Under planktonic growth, regulation regards the silencing of GudB by association to GltAB. Silencing is critical in conditions where glutamate is being made rather than broken, typically with carbon sources such as glucose that are converted to AKG (by the action of glycolysis and a set of TCA enzymes). However, the GudB-GltAB complex seems to offer a more elaborate regulatory mode that may be of particular importance in biofilms. During biofilm growth, glutamate is readily available to the peripheral cells while the interior cells experience glutamate starvation (Liu et al., 2017). This spatial constraint demands that the catabolic GudB is active in the peripheral cells, while the anabolic GltAB is active in the interior. While GltC-dependent transcriptional control of gltAB (Picossi et al., 2007) ensures that GltAB is expressed in cells starved for glutamate, the GudB-GltAB counter-enzyme complex formation ensures that GudB (that is constitutively expressed) is active in the periphery and silenced in the glutamate-starved interior cells (Figure 6C). Accordingly, constitutive expression of GltABC1A and RocG that cannot form the complex completely disrupts the biofilm morphology (Figure 6E). In contrast, constitutive expression of GltABC1A along with GudB, silences GudB via complex formation in both interior and peripheral cells resulting in biofilms that look like wild-type in the interior but not in the periphery (Figure 6D). This unique mode of glutamate dehydrogenase regulation may also relate to B. subtilis biofilms exhibiting oscillations in their growth rates (Liu et al., 2015). These oscillations have been attributed to metabolic codependence between cells in the interior and in the periphery of the biofilm. Modelling these oscillations revealed that they depend on a highly cooperative glutamate dehydrogenase (Hill coefficient of 12), in effect, a hair-triggered enzyme (Bocci et al., 2018).

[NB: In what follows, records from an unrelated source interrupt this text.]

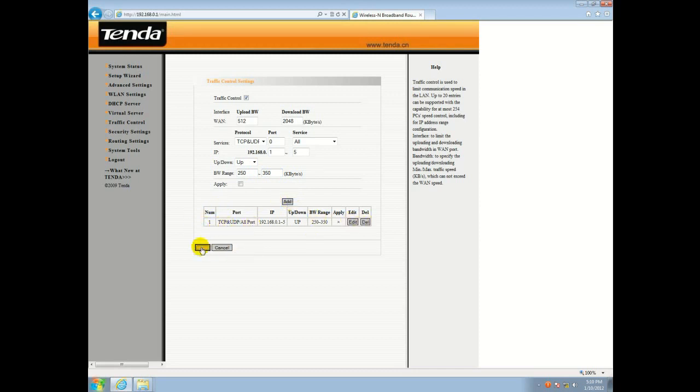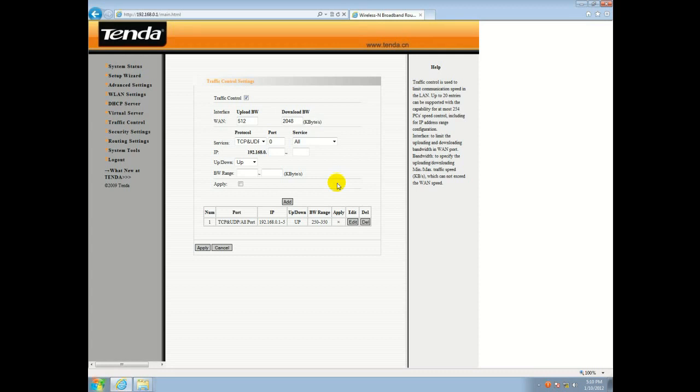And you click apply down here. Saves that to the router. And then your limit is set. If you need some more assistance or you have any questions, feel free to visit us at microcentertech.com for more articles and videos.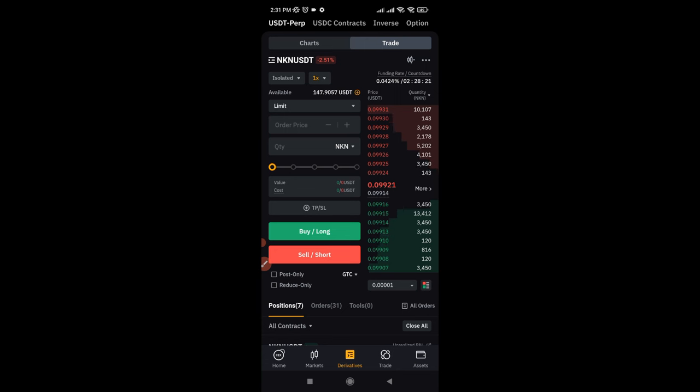Hello everyone and welcome back to this video. It's Leonard here again and in today's video tutorial I'm going to walk you step by step on how to set multiple take profit using the Bybit exchange, and I'm going to do all of this using the Bybit mobile app.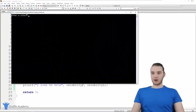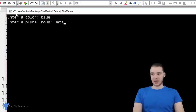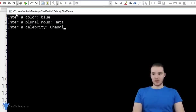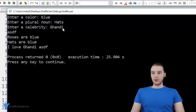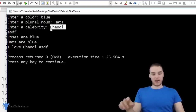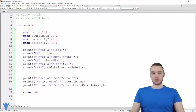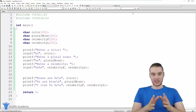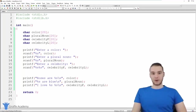However, there's still a limitation with this approach. If I wanted to enter a celebrity with only one name — like Gandhi — the program isn't going to be able to handle that. It'll still be waiting for me to enter a last name. So C is going to force you to be very specific about what the user is entering: if the user needs to enter two words you have to specify that, and if they're only entering one word you have to specify that. You have to be very specific when getting input from the user.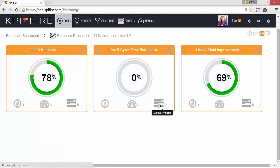Remember, in KPI Fire, you can always cascade down and add additional goals and metrics below parent goals and metrics.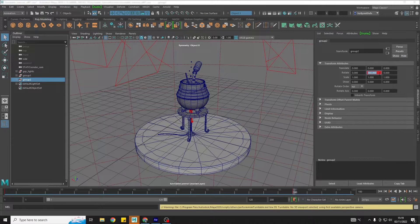So that's how you very quickly set up a turntable camera in Maya.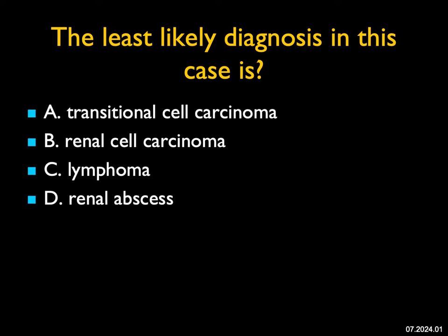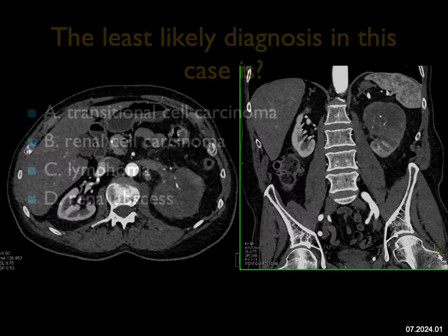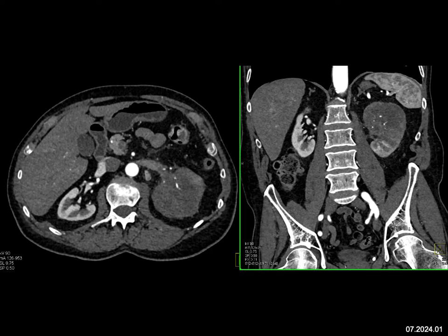The least likely diagnosis in this case — well, what do I see? On the axial and coronal views, there's an infiltrating process involving the upper two-thirds of the left kidney. This is arterial phase imaging, but this lesion is not vascular. It's probably best defined as infiltrative.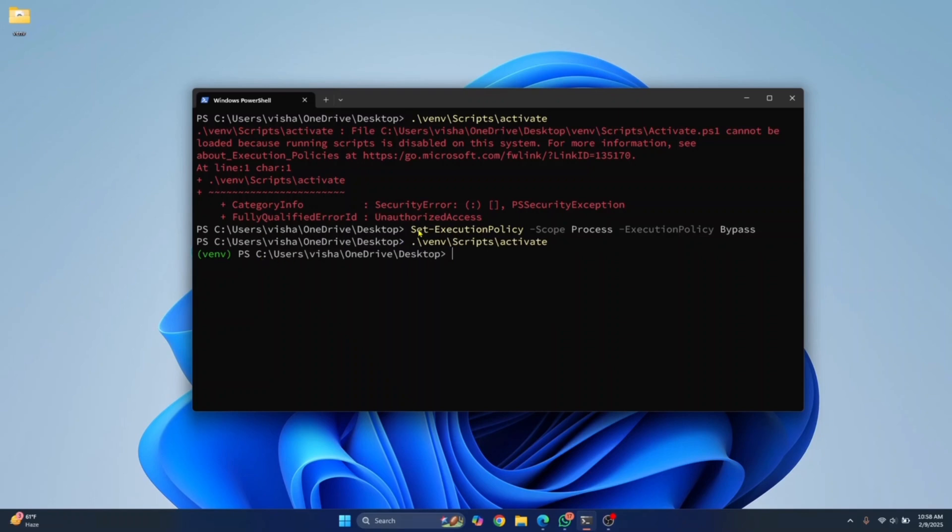But what are we doing? We are giving permission to this PowerShell window. The scope is process. It means that we are giving permission to this PowerShell window to run whatever we want.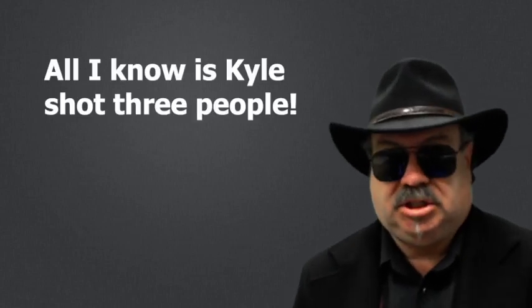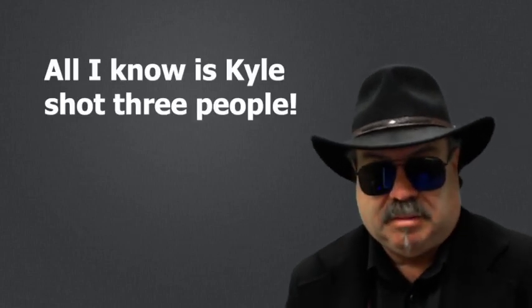And we see it with the Kyle Rittenhouse deal. We hear, all I know is, Kyle shot three people.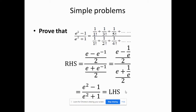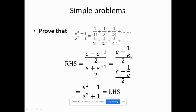Next we'll look at simple problems based on these expansions. We have to prove that (e² - 1)/(e² + 1) equals a given series. Since there is no x present, we use e^1 and e^(-1) formulae. The numerator series contains only odd terms, so it is the abbreviation of (e - e^(-1))/2. The denominator is identified as (e + e^(-1))/2. Writing e^(-1) as 1/e and taking the LCM gives us the left-hand side of the problem.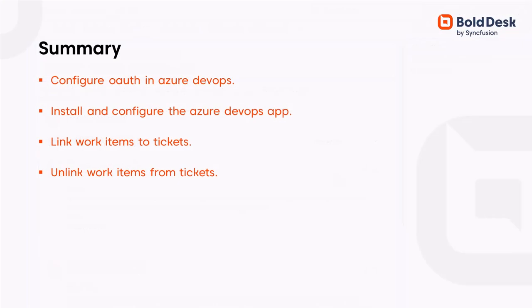Let me summarize. In this video, I demonstrated how to configure OAuth in Azure DevOps. I also showed you how to install and configure Azure DevOps in BoldDesk and link Azure work items with a ticket and unlink them.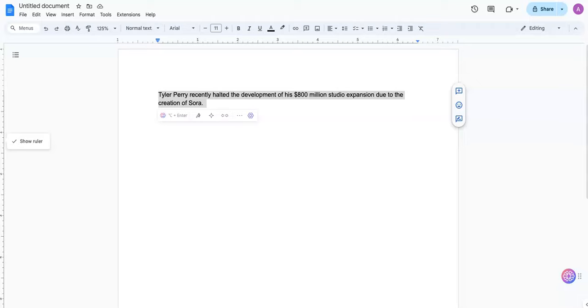Hey, everybody. In this video, we're taking a look at Text.Cortex, an alternative tool to ChatGPT that can help you overcome writer's block.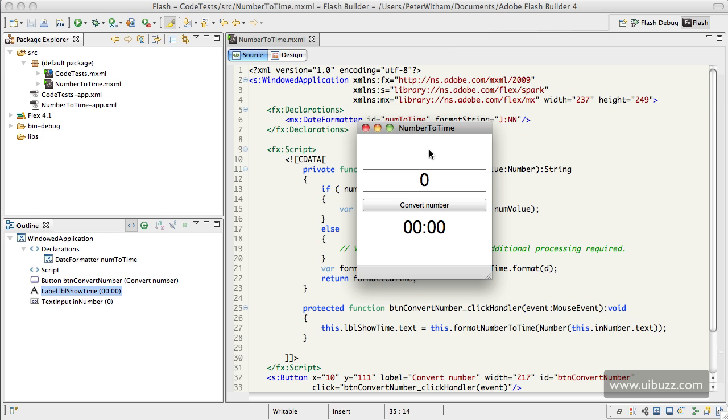I have a need in an application I'm working on in Flash Builder using Flex. I discovered that I needed to convert a basic number into hours and minutes.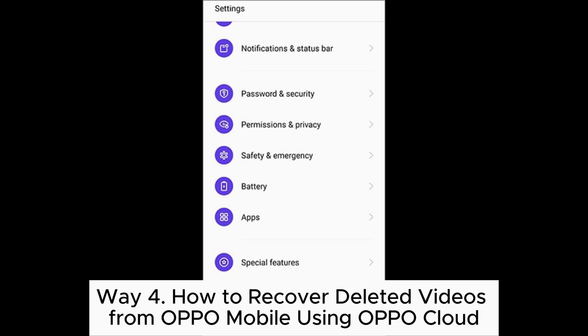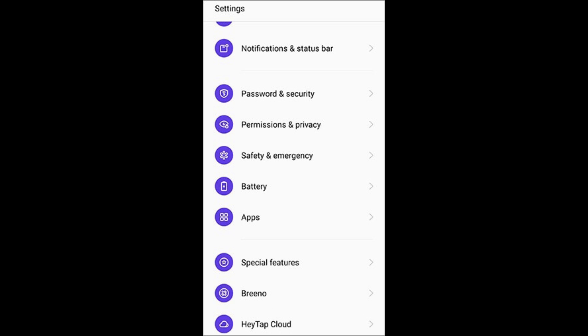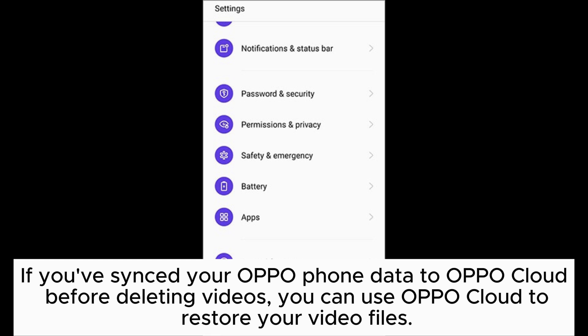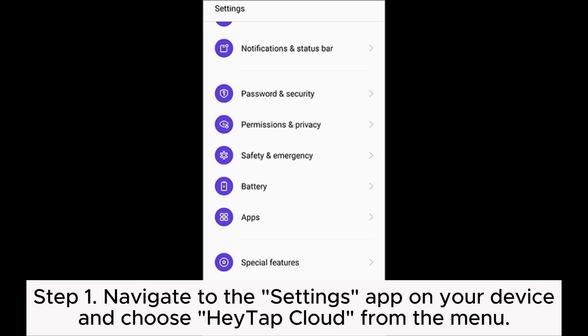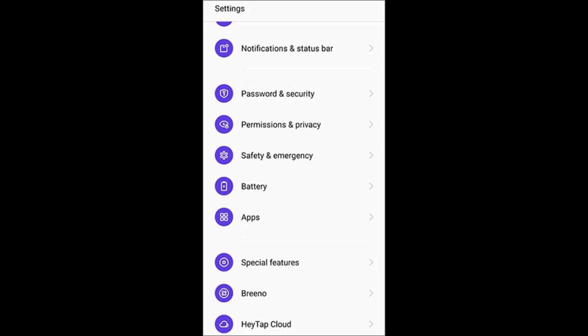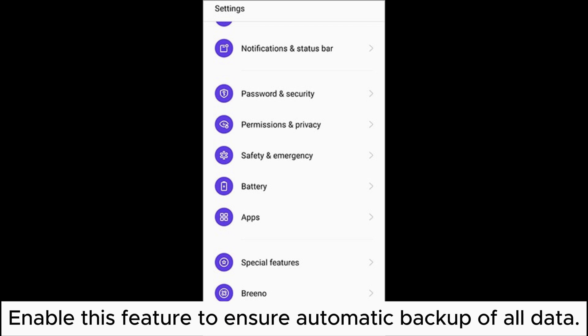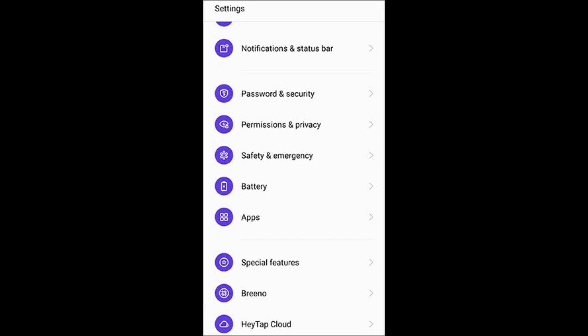Way four: how to recover deleted videos from OPPO mobile using OPPO Cloud. If you've synced your OPPO phone data to OPPO Cloud before deleting videos, you can use OPPO Cloud to restore your video files. Step one: navigate to the Settings app on your device and choose the HeyTap Cloud option from the menu. Enable this feature to ensure automatic backup of all data.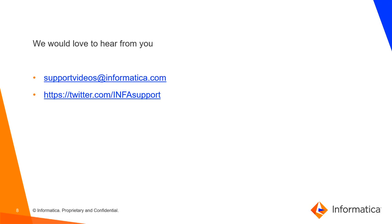We would love to hear from you on support videos at informatica.com and twitter.com slash infosupport. Thank you.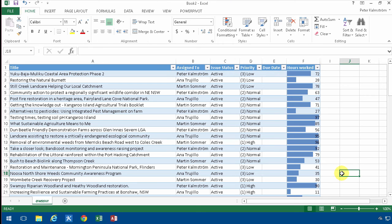Hi, I'm Peter Kalmstrom of Kalmstrom.com Business Solutions. In this demonstration, I'll show you how to further analyze your SharePoint list data in Excel.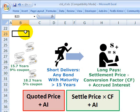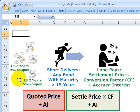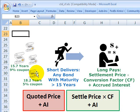Hello, this is David Harper at Bionic Turtle with a screencast on the cheapest to deliver bond in a treasury bond futures contract. In the last screencast, I reviewed the idea of the conversion factor. The conversion factor is generated by the Chicago Board of Trade, and its role is to make the short position almost indifferent as to which bond it delivers among several eligible government bonds. That enters the idea of the cheapest to deliver bond.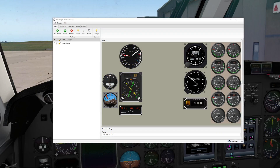Hi everybody. I've completed the first piece of my Kingair project — the center console. But before I get to that, I wanted to talk about my change from using SimVim to talk to the Arduino over to Air Manager.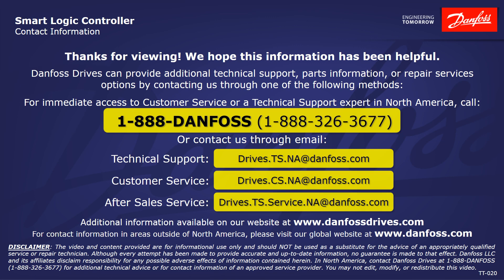Thank you for viewing. We hope this information has been helpful. Danfoss Drives can provide additional technical support, parts information or repair services options by contacting us through one of the following methods. For immediate access to customer service or a technical support expert in North America, call 1-888-DANFOSS, or 1-888-326-3677, or contact us by using one of the listed email addresses. Additional information is also available on our website at www.danfossdrives.com. For contact information in areas outside of North America, please visit our global website at www.danfoss.com.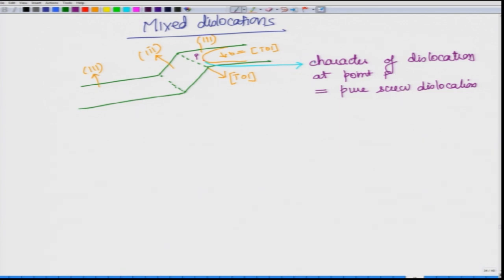This gives us a window: there is a pure screw dislocation component. When this pure screw component reaches the intersection point, it can cross glide onto the other plane. Once it cross glides, edge dislocations form on the sides and move apart, slowly giving back the original shape. So the dislocation which was on this plane has now moved onto the other plane.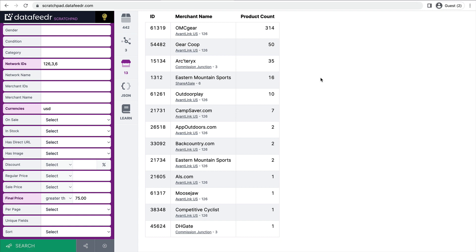So now that you've identified the merchants you want to work with, and after you've applied and been approved by those merchants, the next step is to connect those merchants with your DataFeedr website and start building out your affiliate store. I'll see you in the next video.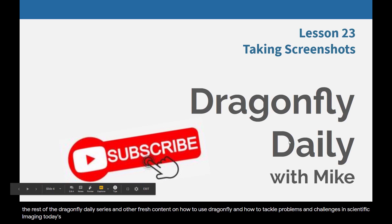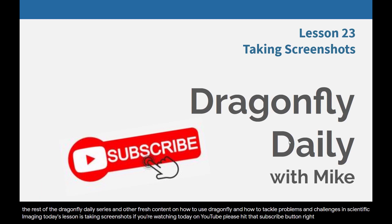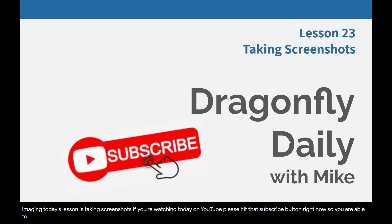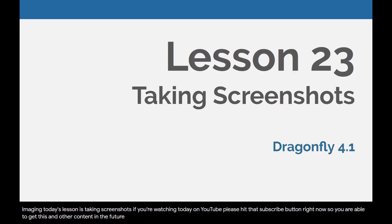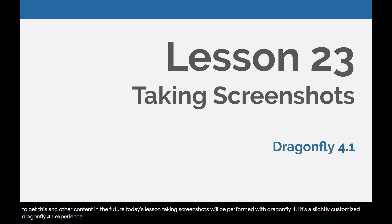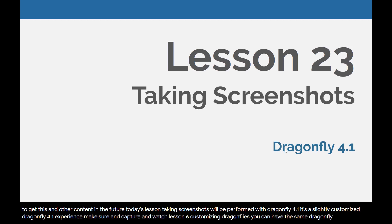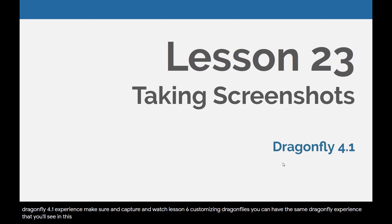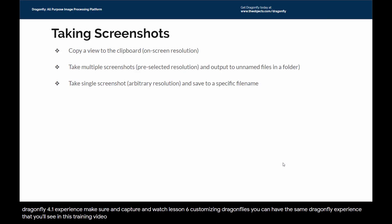Today's lesson is taking screenshots. If you're watching today on YouTube, please hit that subscribe button right now so you are able to get this and other content in the future. Today's lesson, taking screenshots, will be performed with Dragonfly 4.1. It's a slightly customized Dragonfly 4.1 experience.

While modelling did not address a specific enzyme, GudB is the key glutamate dehydrogenase in wild-type B. subtilis, and its paralog, RocG, was shown to have no effect on oscillations (Liu et al., 2015). The oscillatory kinetics exhibited by the GudB-GltAB complex (Figure 3G) likely relate to the biofilm oscillations, and future work may establish a direct link between these two phenomena.
Oscillations in signaling reactions have been noted, in relation to the circadian clock, but also in cAMP signaling (Goldbeter, 1975). However, to our knowledge oscillations in the activity of metabolic enzymes have not been seen. In cAMP signaling, oscillations are induced by the action of a multi-enzyme system (adenylate kinase, ATP pyrophosphate hydrolase, intra- and extracellular phosphodiesterase) along with cAMP receptor, that together mediate cAMP-dependent cell-cell aggregation in Dictyostelium discoideum (Gregor et al., 2010; Pálsson, 2009; Rossomando and Sussman, 1973). These oscillations are driven by the products of both enzymes (cAMP, and AMP, respectively) activating the other enzyme. In the GudB-GltAB complex oscillations seem to be driven by the inhibition of one enzyme (GudB) by the other (GltAB) and also by physical association between the two enzymes (which does seem to be part of the cAMP oscillations mechanism). Future work may therefore enable a deeper understanding of the GltAB-GudB complex, and also of the potential correlation between GudB’s regulation and biofilm oscillations.
Author Contributions
D.T. conceptualized the study and supervised all research; V.J. performed all experimental work unless otherwise stated; S.V. performed the native mass spectrometry and M.S. supervised this analysis; N.E., acquired the Cryo-EM data, and D.J.L., V.J. and N.E. performed the Cryo-EM data processing and model building and was supervised by J.S.F. V.J. and D.T wrote the manuscript and all authors reviewed the data and the manuscript.
Declaration of Interests
The authors declare no conflict of interests
Methods
DNA manipulation
All constructs used for genome modification were generated using Gibson assembly. The starting fragments were generated using Q5® High-Fidelity DNA Polymerase (New England Biolabs) and NEBuilder® HiFi DNA Assembly Master Mix (New England Biolabs) was used for assembly. The linear DNA fragments for B. subtilis transformation were generated by digestion of the plasmids (using a single restriction enzyme) or by PCR using the Gibson assembly reaction as template. The fragments had recombination homology arms ranging anywhere from 1.5 to 4 kb. All the primers used for the study are listed in Appendix Table 2. Genetic modification of B. subtilis strains were performed based on natural competence: The parental strains were streaked on an LB-agar plate and grown overnight at 37 °C. A singly colony was then used to inoculate 1 ml of modified MC medium (Wilson and Bott, 1968) containing 0.5% glucose, 1.4% K2HPO4, 0.6 % KH2PO4, 30 nM sodium citrate tribasic dehydrate, 0.2 % casein hydrolysate, 84 mM ammonium iron (III) citrate, and 3 µM MgSO4. Addition of tryptophan (0.005%) and histidine (0.005%), improved the transformation efficiency. The culture was incubated at 37 °C in a roller drum shaker for 3.5 hrs. Linear DNA/ genomic DNA (100 ng -1 µg) was added to 300 µl of this culture and growth was continued for another 3 hrs. The positive transformants were selected either on an antibiotic, or in nutrient selection media (for wild-type GltAB constructs). All transformants were verified by diagnostic PCR’s followed by DNA sequencing.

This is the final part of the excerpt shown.